**Required work:** Beginning with the first line, retype exactly the records below up to and including the line with "Maglione lavorato a"; pictures do not belong in the copy.

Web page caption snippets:
-=-=-

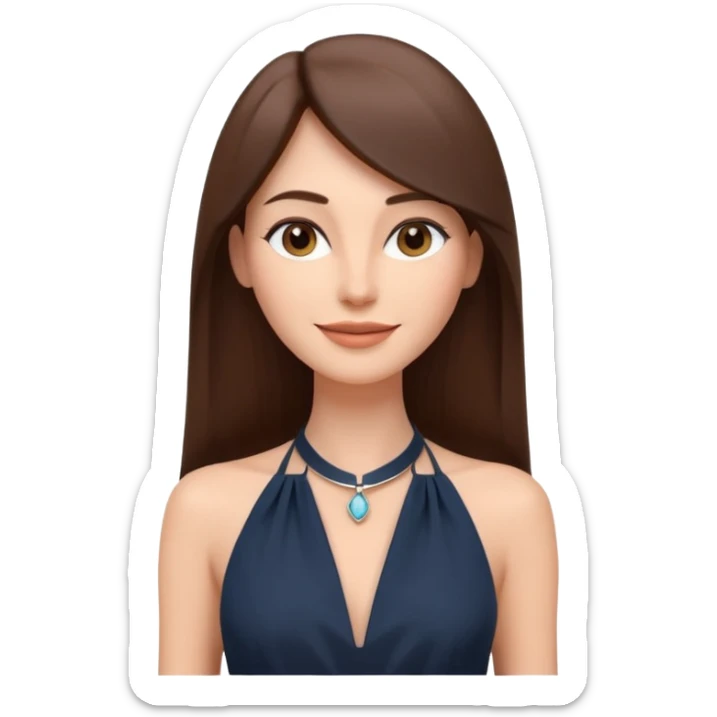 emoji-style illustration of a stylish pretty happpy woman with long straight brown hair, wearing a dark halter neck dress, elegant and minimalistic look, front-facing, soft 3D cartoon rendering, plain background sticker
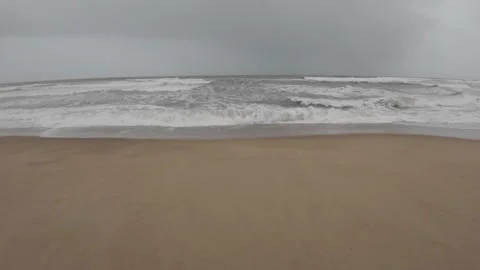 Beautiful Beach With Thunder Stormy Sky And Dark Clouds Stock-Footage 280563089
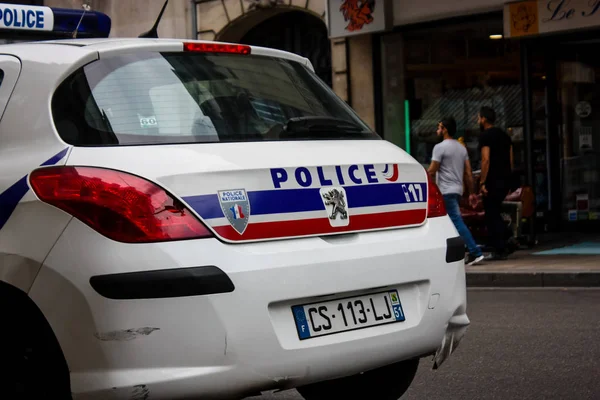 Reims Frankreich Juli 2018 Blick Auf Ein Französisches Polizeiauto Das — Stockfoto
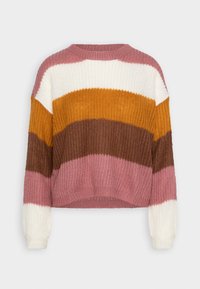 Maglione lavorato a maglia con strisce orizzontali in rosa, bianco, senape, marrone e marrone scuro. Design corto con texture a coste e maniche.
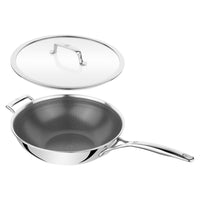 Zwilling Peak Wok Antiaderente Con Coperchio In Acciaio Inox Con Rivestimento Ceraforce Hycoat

-=-=-

**Written response:**
 emoji-style illustration of a stylish pretty happpy woman with long straight brown hair, wearing a dark halter neck dress, elegant and minimalistic look, front-facing, soft 3D cartoon rendering, plain background sticker
 Beautiful Beach With Thunder Stormy Sky And Dark Clouds Stock-Footage 280563089
 Reims Frankreich Juli 2018 Blick Auf Ein Französisches Polizeiauto Das — Stockfoto
 Maglione lavorato a maglia con strisce orizzontali in rosa, bianco, senape, marrone e marrone scuro. Design corto con texture a coste e maniche.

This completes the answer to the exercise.